Dünyayı Değiştiren 10 Gürültülü Protesto

Tarih, vatandaşların, hayatlarını etkileyen, aynı fikirde olmadıkları bir şeye karşı çıkmak için sokaklara döküldüğü anlarla doludur. Elbette her protesto güçlü ya da sonuç doğurucu değildir, ancak bazılarının ulusları değiştirme ve hatta yaratma gücü vardır. Medeniyetlerin varlığı boyunca protestolar kitlelere ses vermenin, otoriteye meydan okumanın ve hayatları daha iyiye doğru değiştirmenin bir yolu olmuştur.

Bazı protestolar yüzyıllarca olmasa da onlarca yıl boyunca tartışmayı harekete geçirirken, diğerleri sadece aylar, hatta günler içinde değişimi tetikliyor. Protestoların ilginç yanı, bazılarının uygulamada başarısız olmasına rağmen yine de değişim yaratabilmesidir. Tüm protestolar dünyayı değiştiremez ama bazıları bunu yaptı, bu yüzden bu makalede bunlara bakacağız.

10. Irak'taki savaşa karşı protestolar

Irak'ı işgal etme kararı bir süredir Bush yönetiminin üzerinde çalıştığı bir konuydu. Bushagodami yönetiminin üyeleri, Başkan Yardımcısı Dick Cheney ve Savunma Bakanı Donald Rumsfeld'in meseleyi yönetmesiyle işgal etmek için nedenler arıyorlardı. 11 Eylül gerçekleştiğinde yönetim bunu “teröre karşı savaş” yoluyla kararlarını haklı çıkarmak için kullanmaya karar verdi.

ABD, yaklaşmakta olan bir işgali önceden önleme konusunda yavaş davranmak için pek çok neden öne sürdü, ancak onlar adına bu kararı veren neden, onlarca yıldır Amerikan dış politikası üzerinde bir leke oldu.
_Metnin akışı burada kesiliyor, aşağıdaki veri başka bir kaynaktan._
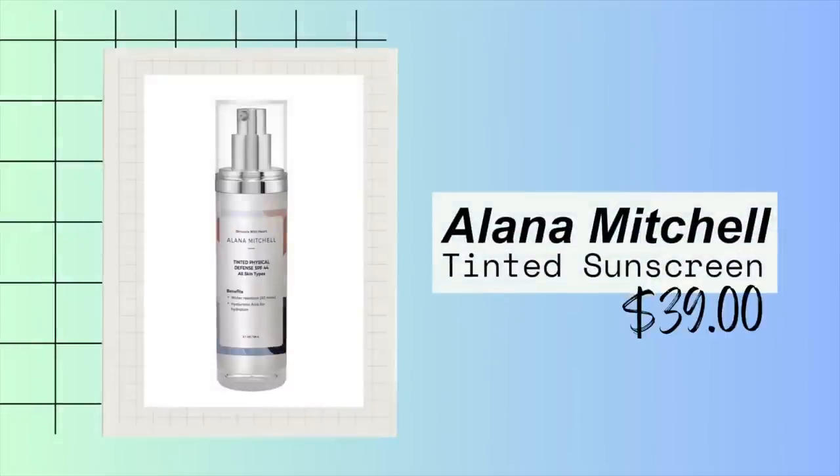What I like to do is apply the D'Alba first like a serum and let it dry down a little bit before I apply the Alana Mitchell. Now this is a tinted mineral sunscreen. I have tried so many of these — many of you suggested some in the comments that just didn't work for me. Some were too sheer, some turned me orange. This has been the best I've ever used. It actually beats my La Roche-Posay tinted. This gives more coverage and a more natural look, and the shade matches perfectly with my skin.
5 Şubat 2003'te Dışişleri Bakanı Colin Powell BM'deydi ve Irak'ın yaklaşmakta olan işgalinin nedenlerini açıklayan tutarlı olması gereken bir konuşma yapıyordu. Ancak bu konuşmanın sorunu, iddiaların çoğunun hem zayıf hem de güvenilmez istihbarata dayanmasıydı. Irak Savaşı, Saddam Hüseyin'in kitle imha silahlarına sahip olduğu ya da yarattığı iddiası üzerine inşa edildi. Hepsi yalandı.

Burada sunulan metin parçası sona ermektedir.